In my basement, I'm going to want to set up a completely parallel music system with speakers in the ceilings. 

Separate and distinct from any potential TV or home theater. Two separate sets of speakers, in fact. 

For that, I'm going to need a CONNECT: AMP.    

Sonos CONNECT:AMP                
The CONNECT:AMP is $499 new. It has 2 speaker outputs, and a subwoofer output.

It also has red/white analog inputs, although I'm not sure what those are used for.

I'm guessing that they're for other line-in sources, like a CD player. For now I'll ignore them.  

In the kitchen and master, it's important that the solution be unobtrusive. In both cases, I'll be using the Sonos PLAY:1. It's beautiful, and most importantly, it's the cheapest Sonos piece at $199 new.

It's possible that we could go with a PLAY:3 or PLAY:5 in the master - but I don't think that will be necessary. The PLAY:1 is awfully good. 

The question then - how cheap can I get this stuff? 

Because for the configuration I want, I'm looking at more than $1,000 - even considering that I have one PLAY:1 in hand.

Unfortunately, eBay sales tend to be awfully close to retail. I'll keep you posted - but this could be slow going. 

3. Pick Your Music Services

We have a pretty large iTunes library, which we listen to pretty rarely. For better or worse, it's still largely stuck on our computer.

We're SiriusXM subscribers.  We typically listen to in the car. (And occasionally using their fantastic app.)

I love Spotify, but we're not currently subscribers.

After using Spotify on Sonos, that will change.

Our Spotify use has been on the iMac - we can play songs on-demand, usually through the iMac's speakers.

Sonos only lets you use Spotify if you're a subscriber, but if you are - WOW. All of that music, on demand, coming through actual stereo equipment.

We're also Amazon Prime members. Prime Music is a Spotify-style "on demand" music streaming service. While Amazon Music is available on Sonos, Prime Music is not as of January 2015.

As soon as that changes, Prime Music could be a Spotify replacement.
It's not as good, but it might be good enough.

Beats Music is available on Sonos - and there are rumors that Apple has something interesting on the way here. We'll stay tuned.

Finally, we listen to a number of terrestrial radio stations and internet radio stations that are available on Sonos - most notably, Chicago's Finest Rock, WXRT.

At the start, we'll be adding the following sources to our Sonos (yours will likely be different):

  • iTunes Library
  • Spotify
  • Sirius XM
  • A Few Radio Stations
The only incremental cost here will be the cost of the Spotify subscription - and that monthly charge will only continue until Prime Music is available on Sonos. 

4. Link Your Existing Music Sources

If you want to get your iTunes library into Sonos, you need to download the Sonos Desktop Controller on your PC or Mac.

It's a pretty simple process.

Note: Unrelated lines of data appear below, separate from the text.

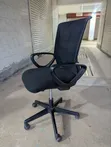 Second Hand Adjustable Mesh Back Office Chair - 2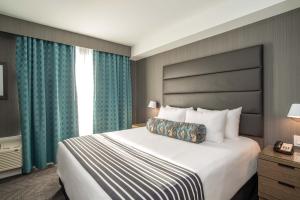 sandman signature ottawa airport hotel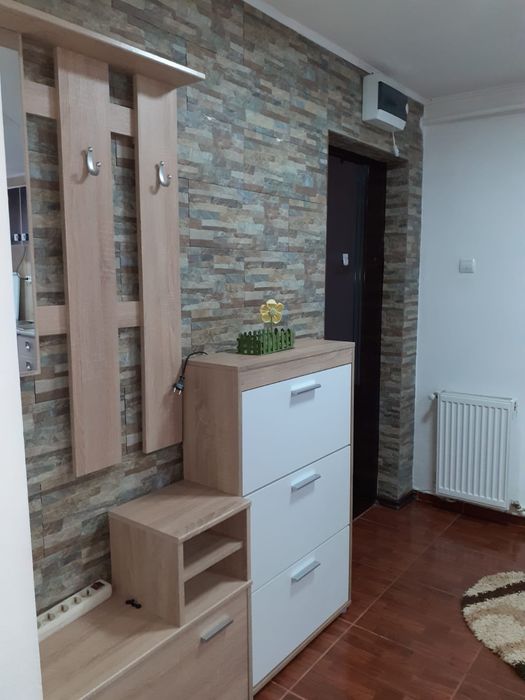 Închiriez Studio Sc Nr 5 la parter.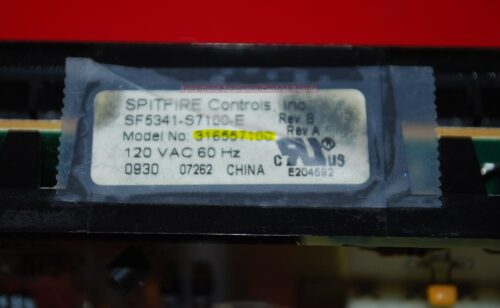 Part # 316557100 Frigidaire Oven Electronic Control Board (used, overlay good)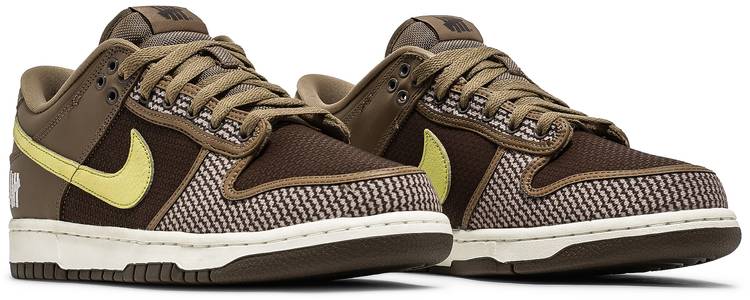 Undefeated x Dunk Low SP 'Canteen'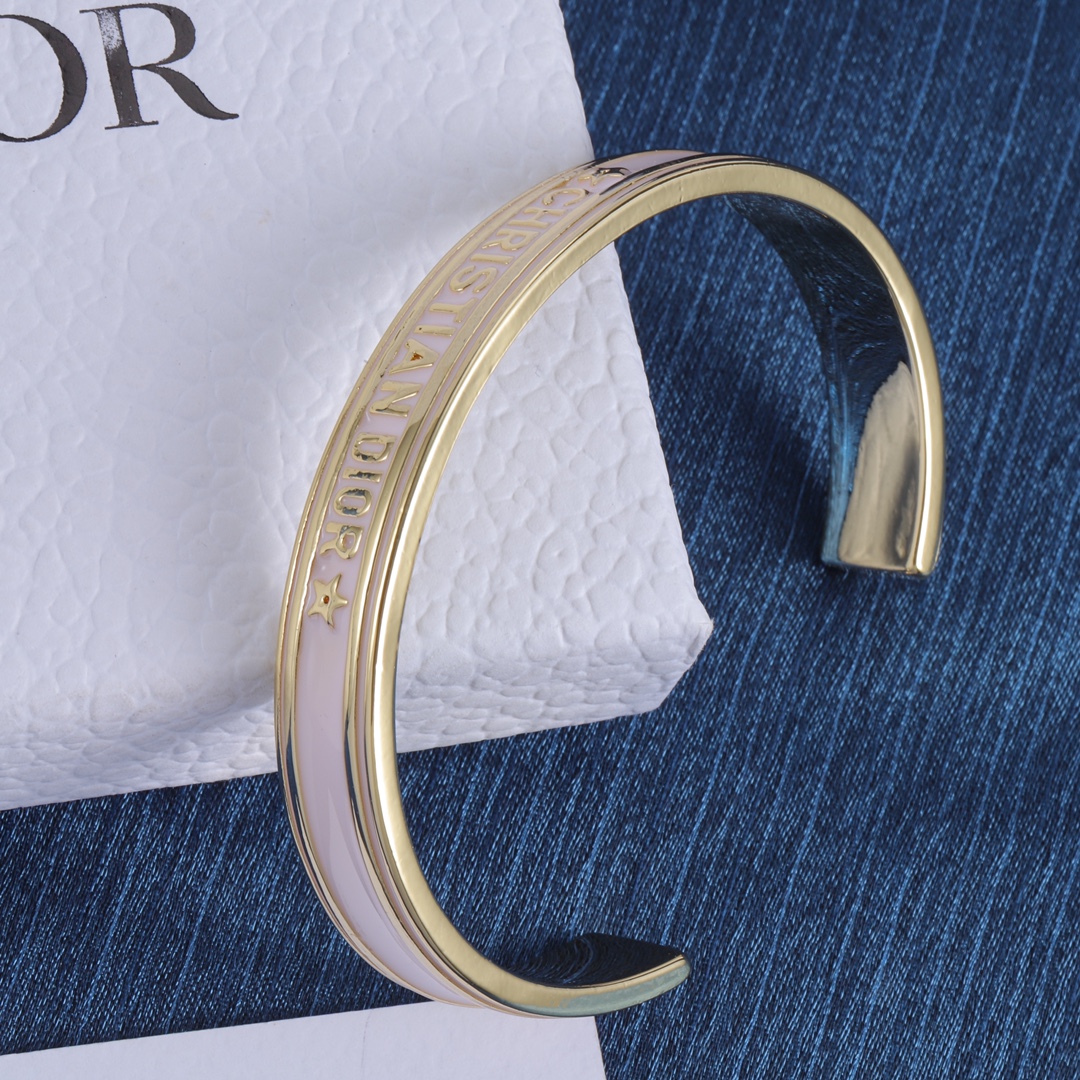 High Quality Fashion Jewelry  Bracelet  0606079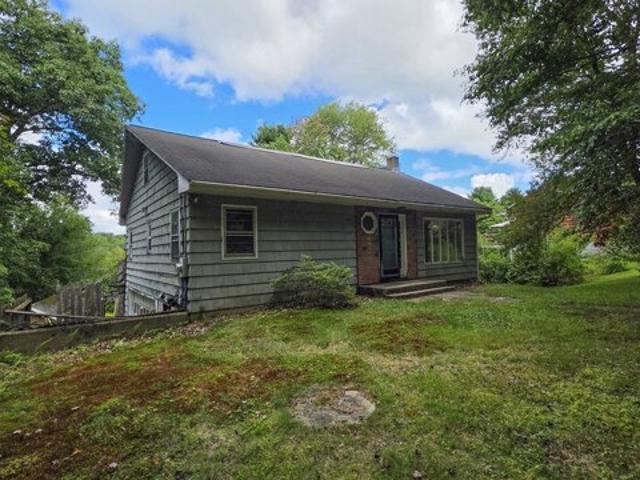 House for sale in Wales, Hampden County
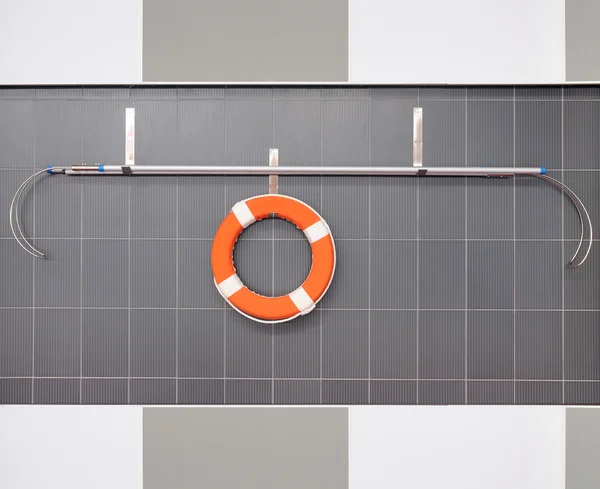 Turuncu lifebuoy — Stok fotoğraf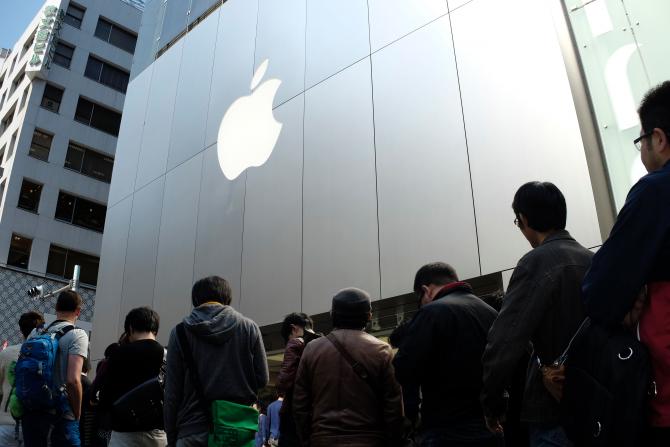 Apple впервые отчиталась о снижении продаж iPhone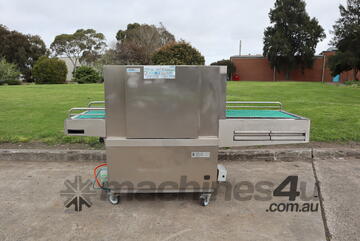 Commercial Kitchen Conveyor Glasswasher Dishwasher - Winterhalter STF Bavaria Commercial Kitchen Conveyor Glasswasher Dishwasher - Winterhalter STF Bavaria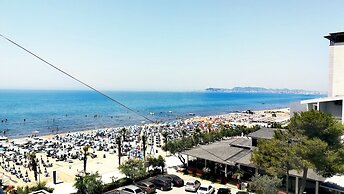 Quiet Apartment by the sea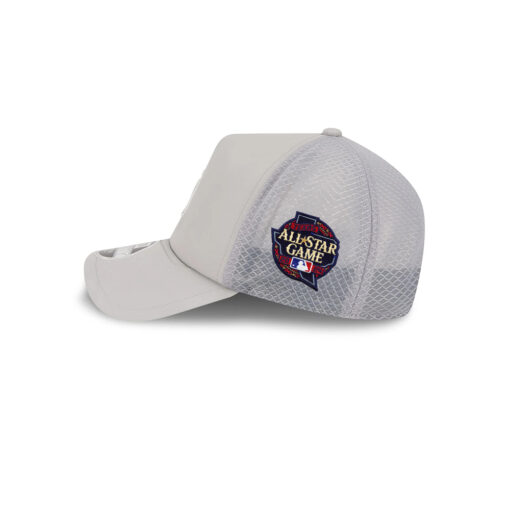 New York Yankees Practice-Day Mesh Trucker Cap in Gray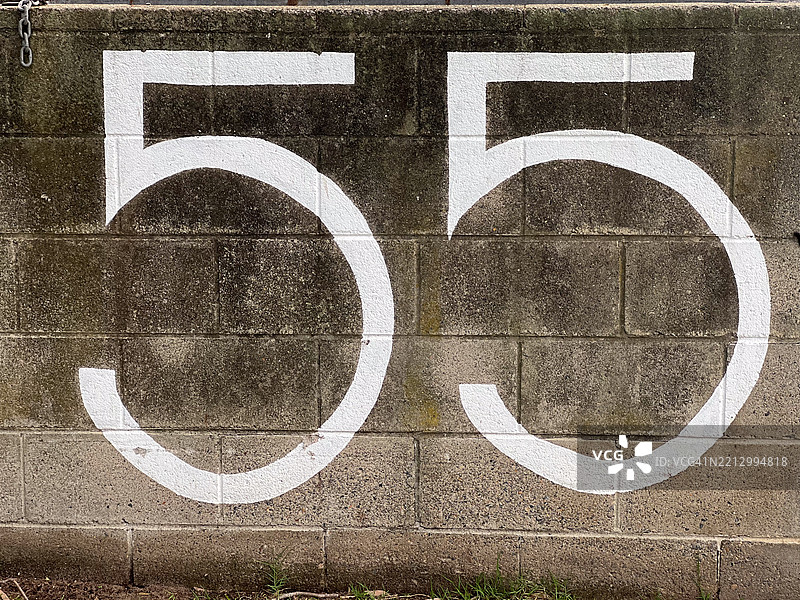 砖墙上的五十五号数字图片素材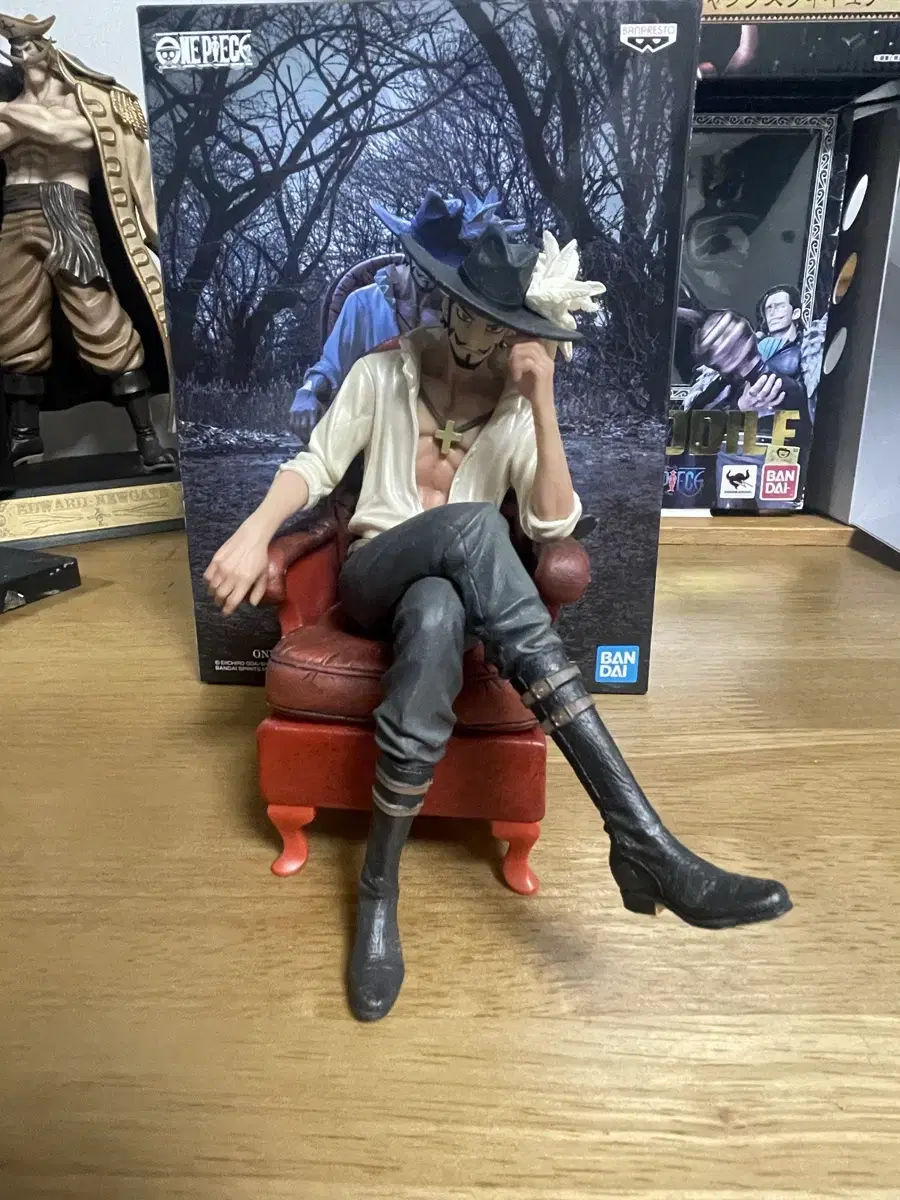 Mihawk Statue Figure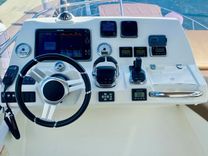 Knee Deep - PRESTIGE yacht sale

Once the application is installed and configured, you point the application to your music library, it syncs for a while..... and your music library is fully available through Sonos.

You don't need to have iTunes open.
You don't need to have the Sonos Desktop Controller open.
It just works, no matter what.

It will be nice getting acquainted with our music library again!

5. Configure Your Sonos App

This is really the most important step. The Sonos app is how you set up your Sonos equipment.

It's how you add music services.

And in most cases, it's how you're going to be selecting and playing music.

The good news is this - the Sonos App is remarkably easy to use.

It adopts the UI of each music source - using Spotify in Sonos works very much like using Spotify in its native app.

My favorite part of the Sonos experience is that you don't HAVE to use the app.

During the holidays, for instance, we had the PLAY:1 tuned to SiriusXM's holiday channel. If we wanted music, we'd hit the "on" button on the PLAY:1, and it immediately started playing music.

No need to get your phone out. No need to go to the computer. Once it's set up, you're good to go.

This is a "connected home" system that really "gets it" - while smartphone control is nice, it shouldn't be required.

I don't want to have to get my iPhone out in order to turn off my lights, or to set a lighting "scene". I want buttons on the wall to do that.

With Sonos, I don't NEED to use the phone to hear music. Just turn the thing on. It's remarkable.